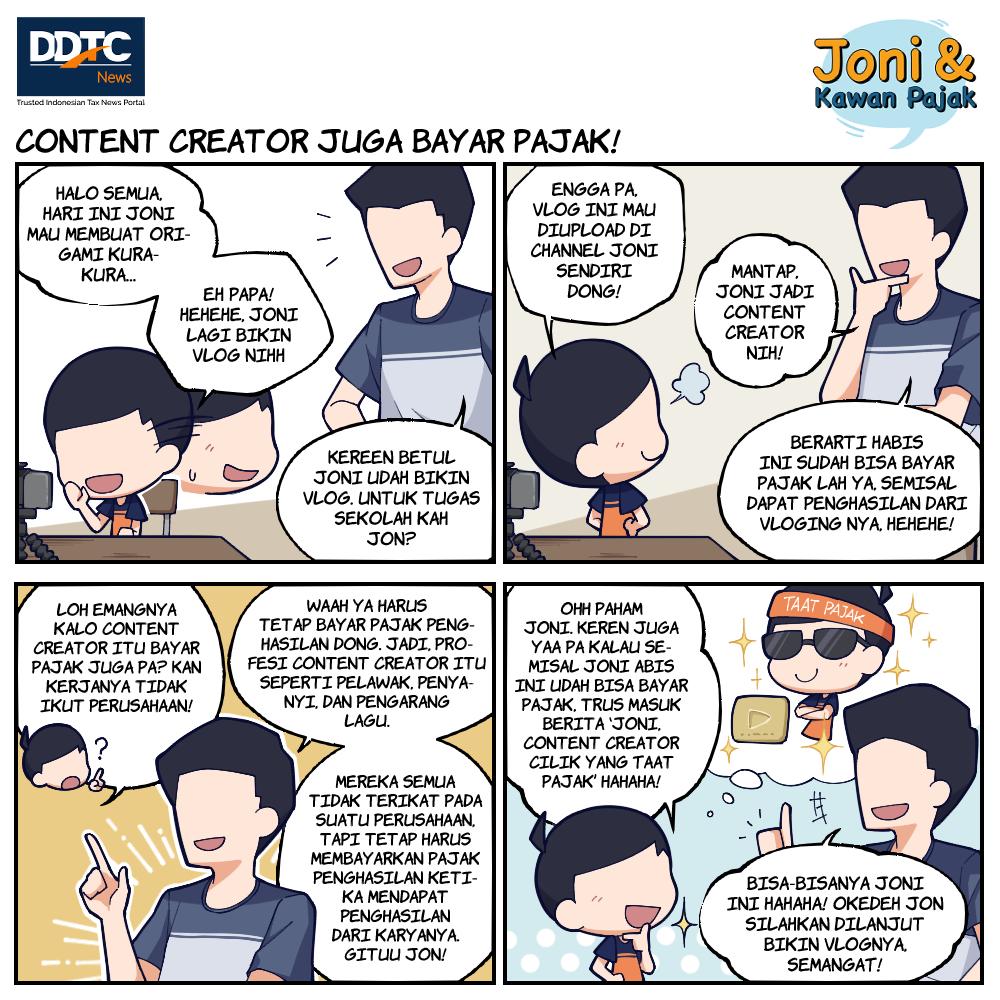 Content Creator Juga Bayar Pajak!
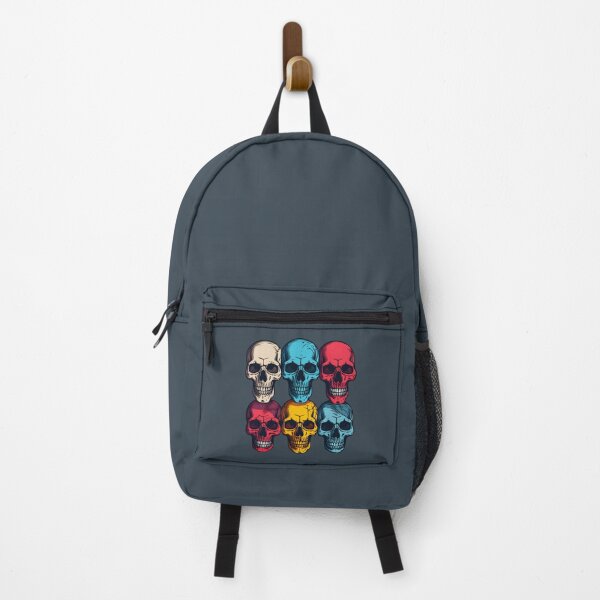 Item preview, Colorful Skulls Unleashed designed and sold by Art Happens.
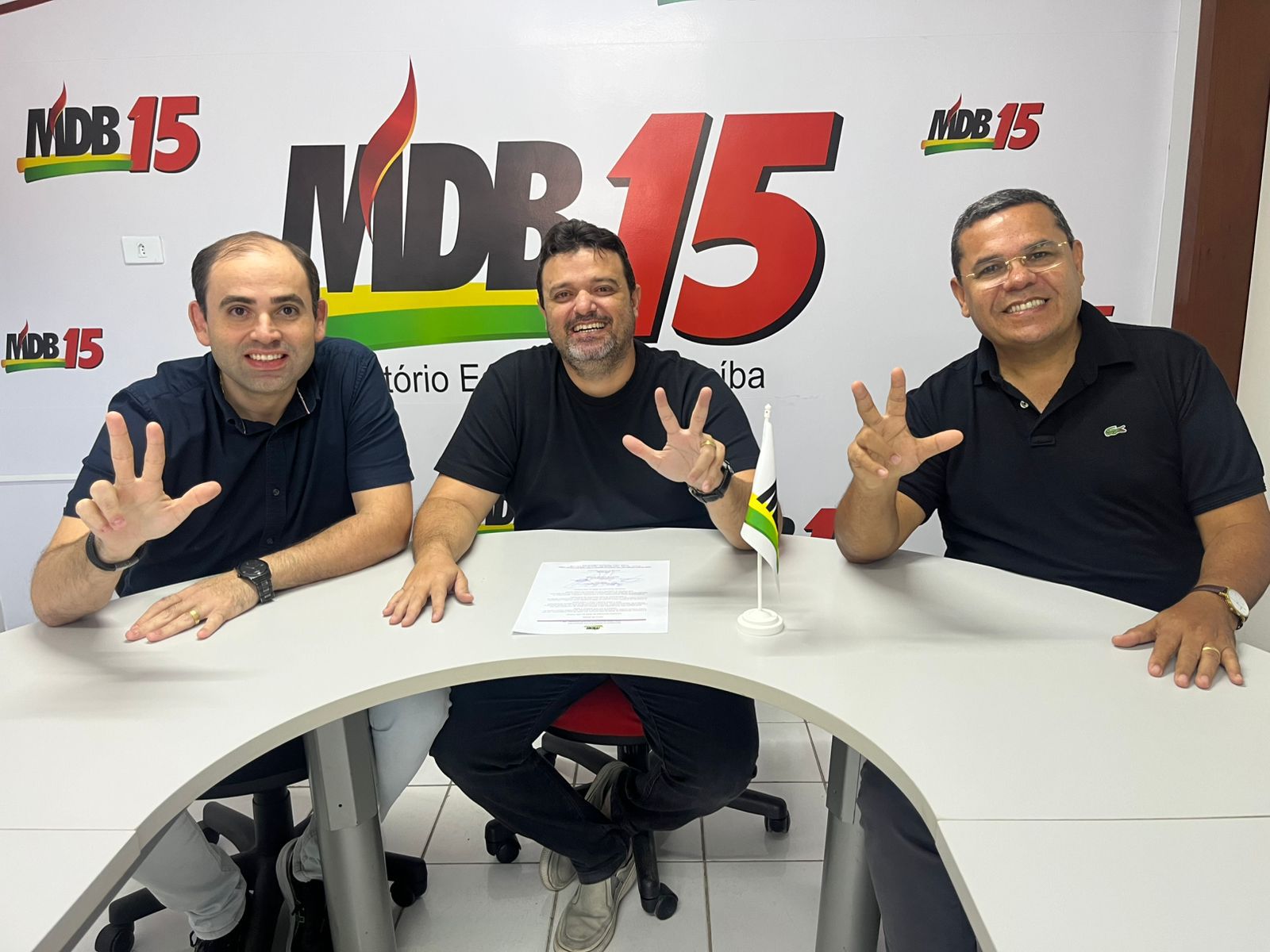 Diretório municipal do MDB em João Pessoa emite nota de apoio ao retorno de Cícero Lucena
■ ■ ■ ■ ■
— Exercise aim —
Nothing but the pictures should be left out when the listing is repeated exactly.

— Task answer —
 Content Creator Juga Bayar Pajak!
 Item preview, Colorful Skulls Unleashed designed and sold by Art Happens.
 Diretório municipal do MDB em João Pessoa emite nota de apoio ao retorno de Cícero Lucena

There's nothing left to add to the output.